Die PIAAC-Studie (Programme for the International Assessment of Adult Competencies) vergleicht grundlegende Kompetenzen Erwachsener international. Sie misst Lesen, Alltagsmathematik und Problemlösen auf sechs Stufen („unter Stufe 1“ sowie Stufen 1 bis 5). Anders als die LEO-Studie arbeitet sie nicht mit dem Begriff der geringen Literalität. Ein direkter Vergleich ist schwierig, dennoch lassen sich grobe Zuordnungen vornehmen: „Unter Stufe 1“ entspricht in etwa den Alpha-Levels 1 bis 3 (teilweise auch Level 4), während Stufe 1 Schnittmengen mit Alpha-Level 4 aufweist. Laut PIAAC 2023 liegen 7 % der Erwachsenen in Deutschland im Bereich „unter Stufe 1“ und 13 % auf Stufe 1. Die Werte bestätigen die Relevanz geringer schriftsprachlicher Kompetenzen im internationalen Vergleich und zeigen wie in der LEO-Studie Zusammenhänge mit Bildungsabschlüssen und Migrationsgeschichte.

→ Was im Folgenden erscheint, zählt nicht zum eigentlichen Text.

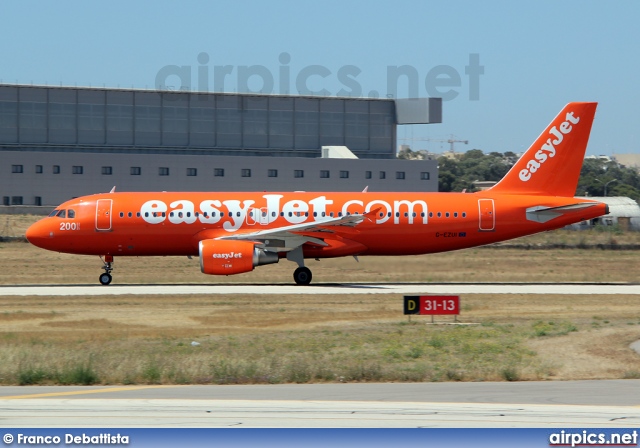 G-EZUI, Airbus A320-200, easyJet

Insgesamt machen beide Studien deutlich, dass geringe Literalität ein strukturelles Problem darstellt, das verschiedene gesellschaftliche Gruppen betrifft, mit Schulbildung, beruflicher Situation und Mehrsprachigkeit verflochten ist und auch in Industrieländern in alarmierendem Umfang auftritt.